MATERIAL FOR THIS TASK:

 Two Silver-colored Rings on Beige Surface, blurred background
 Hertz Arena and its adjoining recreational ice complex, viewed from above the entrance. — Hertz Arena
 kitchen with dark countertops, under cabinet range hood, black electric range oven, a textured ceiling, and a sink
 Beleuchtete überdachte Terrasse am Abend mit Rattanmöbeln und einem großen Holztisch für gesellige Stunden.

* * *

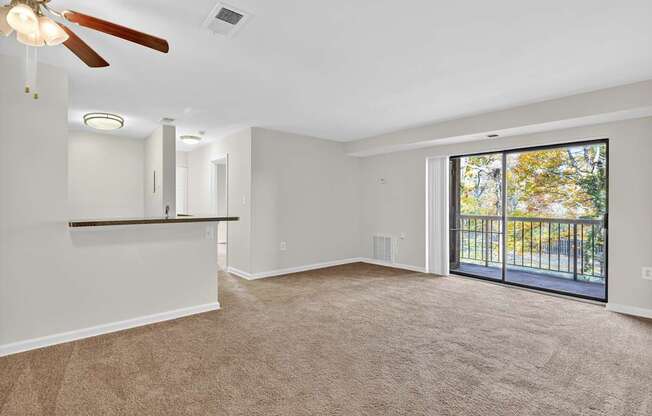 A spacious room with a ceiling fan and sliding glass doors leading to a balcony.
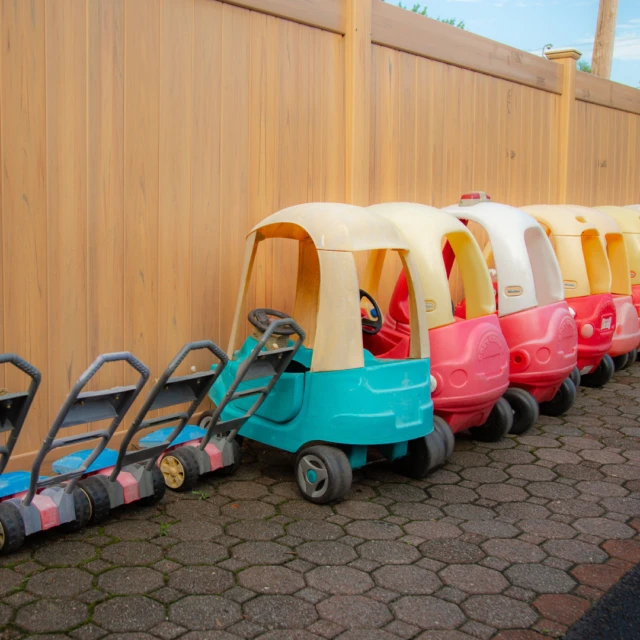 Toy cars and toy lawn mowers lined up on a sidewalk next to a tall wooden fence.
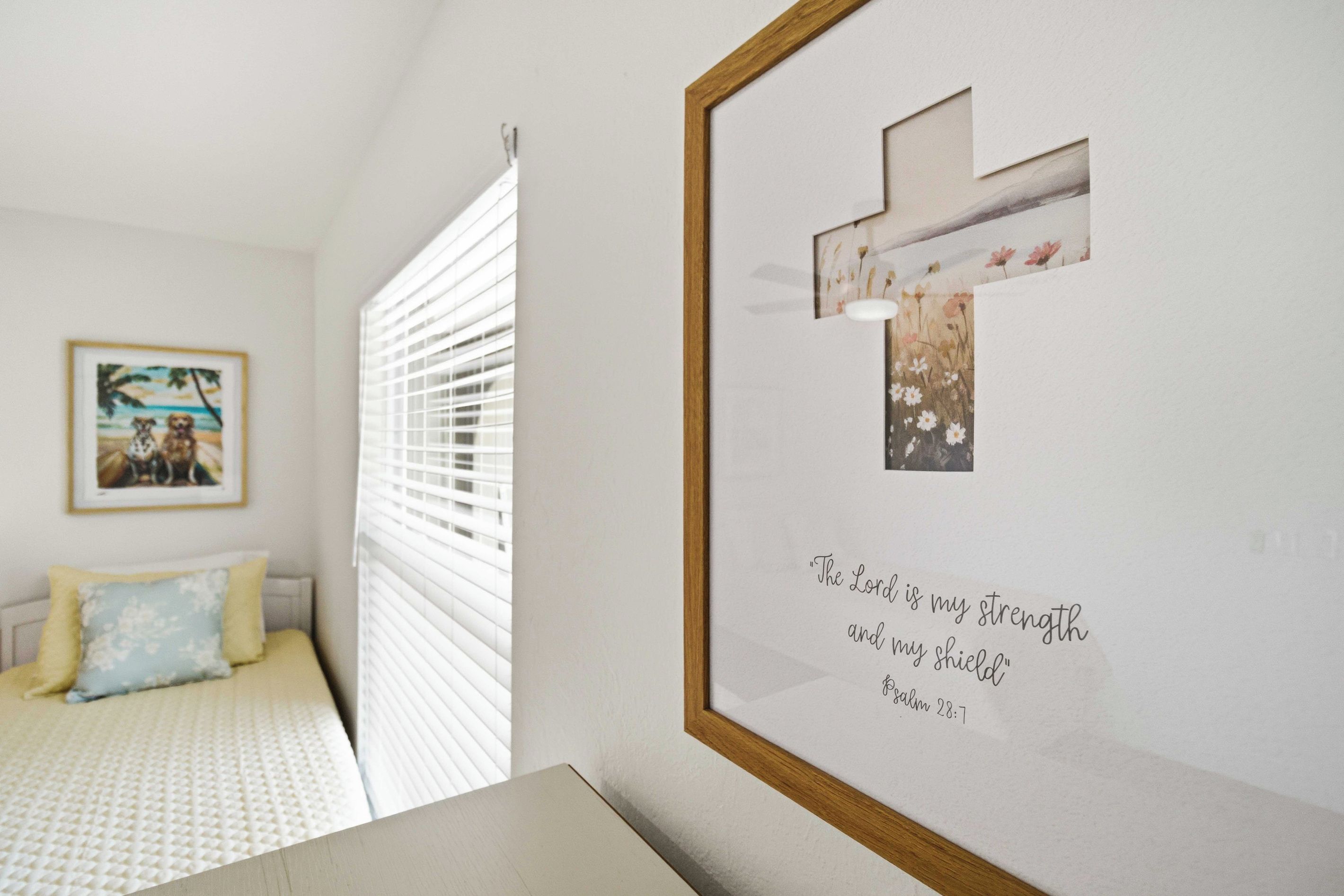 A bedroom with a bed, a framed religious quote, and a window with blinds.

EXERCISE BRIEF:
The lines to reproduce run from the one above containing "A spacious room" through the one containing "A bedroom with". Copy them exactly and leave out all pictures.

ANSWER TO THIS TASK:
 A spacious room with a ceiling fan and sliding glass doors leading to a balcony.
 Toy cars and toy lawn mowers lined up on a sidewalk next to a tall wooden fence.
 A bedroom with a bed, a framed religious quote, and a window with blinds.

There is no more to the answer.